Philipse: „Waarom zou je een bron van zintuiglijke waarneming opgeven en inruilen voor de kenbron van openbaring die zo veel problemen oplevert? De waarneming geeft samenhangende informatie over de werkelijkheid, maar openbaringen leveren alleen maar tegenstrijdige antwoorden op. En stel: als het christendom waar is, hoe komt het dan dat de Vadergod zich niet openbaart aan álle schepselen? Waarom zou een liefhebbende Vadergod zich verborgen houden voor zo veel van zijn kinderen?”
Van den Brink: „Maar is dat een reden om alle openbaring weg te zetten? Dat doet uzelf ook niet ten aanzien van alle wonderen. Ik vind dat je elke openbaring op haar eigen merites moet beoordelen. Ik zeg niet dat we het bestaan van God kunnen bewijzen, maar 2000 jaar christendom heeft laten zien dat deze religie een levensbeschouwing is die zich over de gehele wereld heeft verspreid en een heilzame invloed gaf op de wereld en de samenleving. Denk aan de vruchten van gelijkheid, mensenrechten en naastenliefde.”

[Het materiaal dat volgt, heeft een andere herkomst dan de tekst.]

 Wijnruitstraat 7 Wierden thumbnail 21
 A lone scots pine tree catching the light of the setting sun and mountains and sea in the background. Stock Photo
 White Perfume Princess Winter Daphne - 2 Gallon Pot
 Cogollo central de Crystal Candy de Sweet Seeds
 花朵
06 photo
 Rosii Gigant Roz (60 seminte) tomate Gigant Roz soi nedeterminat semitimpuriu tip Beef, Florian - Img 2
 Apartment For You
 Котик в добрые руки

Philipse: „Dat zou kunnen, maar is de kenbron daarvan daarom betrouwbaar? Als ik zie hoe er met openbaringen is geknoeid, alleen al in de geschiedenis van het christendom en de vorming van de canon, waarbij onwelgevallige openbaringen als ketters ter zijde werden geschoven. Bovendien bevat het Oude Testament allerlei uiterst immorele goddelijk geopenbaarde geboden, zoals het gebod om lastige zonen buiten de stadspoort te stenigen (Deuteronomium 21:18-21) of het gebod om homoseksuelen die geslachtsgemeenschap hebben, ter dood te brengen (Leviticus 20). Ik erken dat het christendom appelleert aan behoeften van mensen die elders te weinig voldoening vinden, maar dat geeft geen garantie van waarheid. Een voorbeeld: je kunt het geloof in een straffende God opvatten als een goedkoop middel dat mensen van misdaad weerhoudt, zodat een streng politiesysteem niet nodig is. Maar heb je daarmee een bewijs voor de waarheid ervan gegeven?”
Leert prof. Philipse niet een reductionistisch werkelijkheidsbegrip: er is alleen deze werkelijkheid en alleen de zintuiglijke waarneming geldt als kennisbron?

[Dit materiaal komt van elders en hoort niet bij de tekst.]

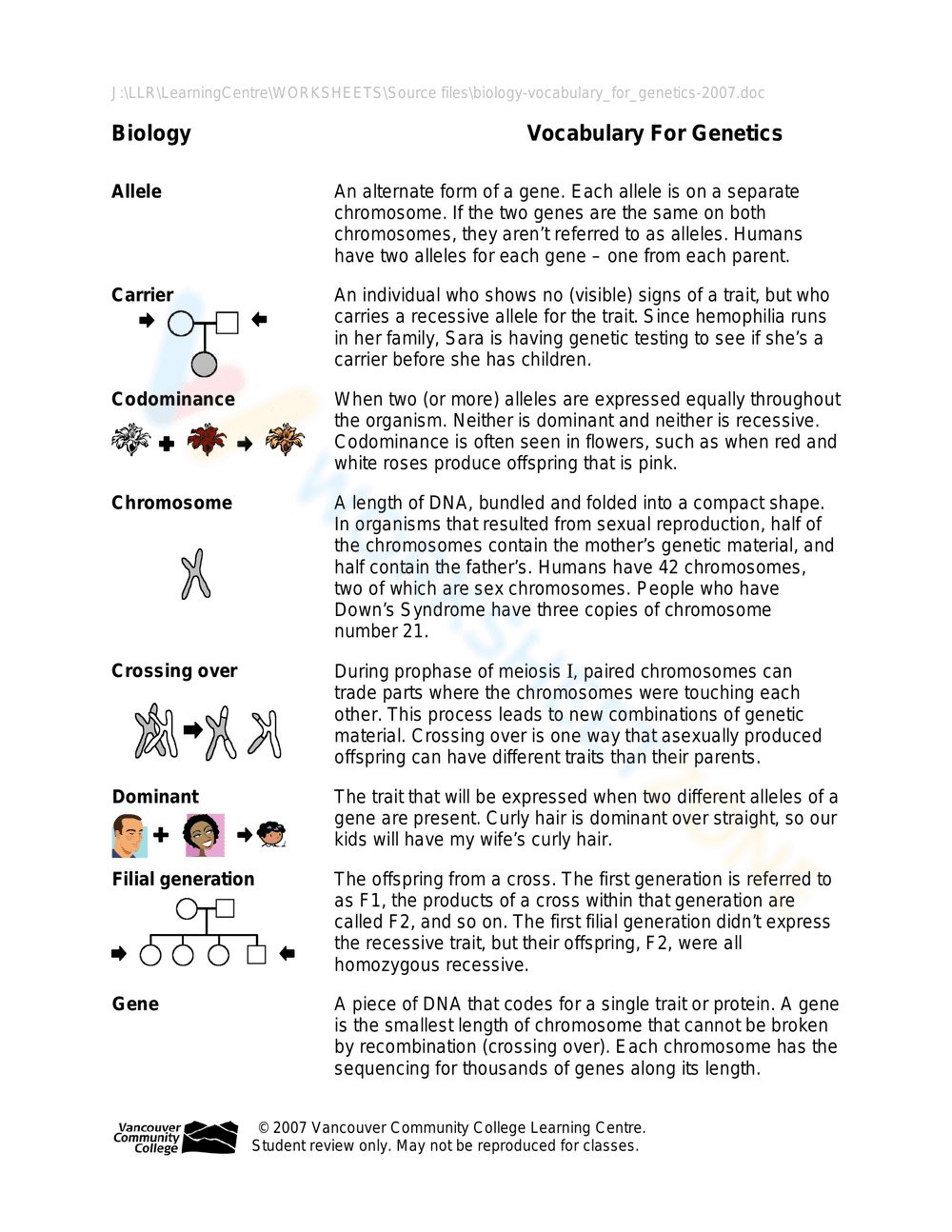 Updated Genetics Vocabulary Worksheet - Page 1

Philipse: „De zintuiglijke waarneming is een redelijk betrouwbare kenbron. Waarom zou je die inruilen voor een openbaring? Deze werkelijkheid is geen platte werkelijkheid, maar rijk en mysterieus, maar meer dan deze werkelijkheid is er niet. En met de dood is ook het leven afgelopen.”
Van den Brink: „Het gaat niet om inruilen. Mijn punt is: als u de zintuiglijke waarneming als enige kenbron beschouwt, krijgt deze een normatief karakter. Het ”Atheïstisch manifest” laat een verheerlijking van de rede zien, en daar staat u nog steeds achter.”
Philipse: „Dat boek is natuurlijk geschreven voor een groter publiek; de argumenten erin kunnen verder onderbouwd worden.”
Van den Brink: „Ja, met het empiricisme.”
Philipse: „Maar niet als begindogma.”
Van den Brink: „Ik zie de zintuiglijke waarneming óók een rol spelen in het godsbewijs, maar de vraag is of je die rol kunt verabsoluteren. Uwaardeert Swinburne, die een soort van natuurlijke theologie nastreeft; mee eens, maar daarnaast is er een openbaringstheologie, en die twee bijten elkaar niet.”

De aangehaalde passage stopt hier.